— Instructions for the task —
Could you print each entry below verbatim while omitting the pictures?

— Provided records —
==========
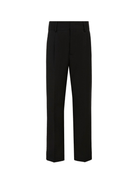 Pantaloni per bambina John Richmond Junior nero con pieghe frontali - Rubino Kids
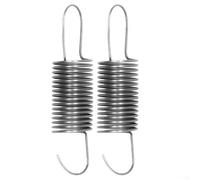 2 PCS 793604 Governor Spring Replacement for Lawn Mower Engines for Part Numbers 100602-0050-H1 and 100602-0121-B1 High Strength Metal Construction Silver Finish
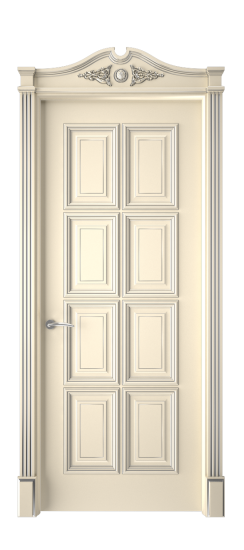 Багет 10 ДГ | Слоновая кость патина серебро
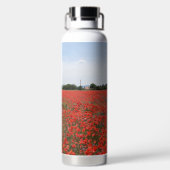 Poppy veld - Waterfles (Achterkant)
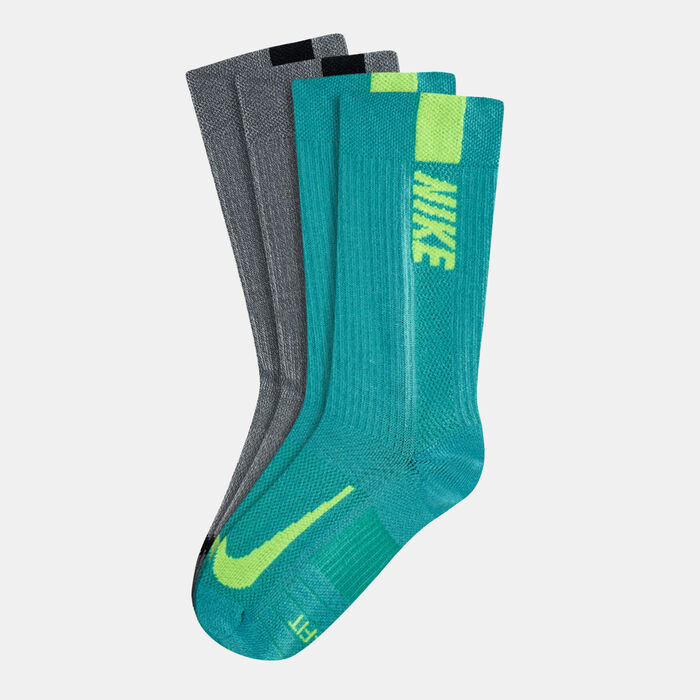 Nike Multiplier Running Crew Socks (2 Pairs) White Nike Multiplier Running Crew Socks (2 Pairs) White image number 0
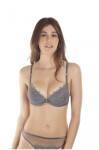 Dámska push-up podprsenka 90613 - Selmark 75B Modrá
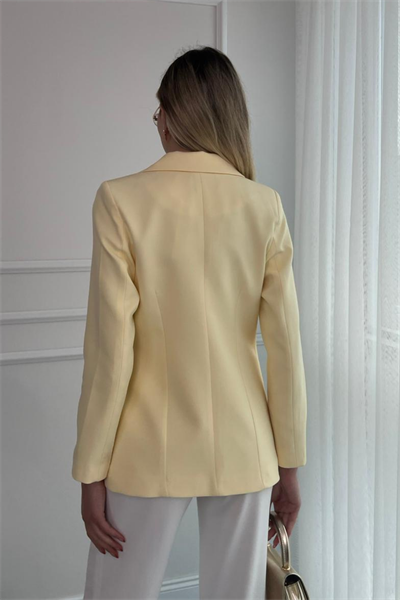 Blazer Ceket - SARI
==========
— Answer section —
 Pantaloni per bambina John Richmond Junior nero con pieghe frontali - Rubino Kids
 2 PCS 793604 Governor Spring Replacement for Lawn Mower Engines for Part Numbers 100602-0050-H1 and 100602-0121-B1 High Strength Metal Construction Silver Finish
 Багет 10 ДГ | Слоновая кость патина серебро
 Poppy veld - Waterfles (Achterkant)
 Nike Multiplier Running Crew Socks (2 Pairs) White Nike Multiplier Running Crew Socks (2 Pairs) White image number 0
 Dámska push-up podprsenka 90613 - Selmark 75B Modrá
 Blazer Ceket - SARI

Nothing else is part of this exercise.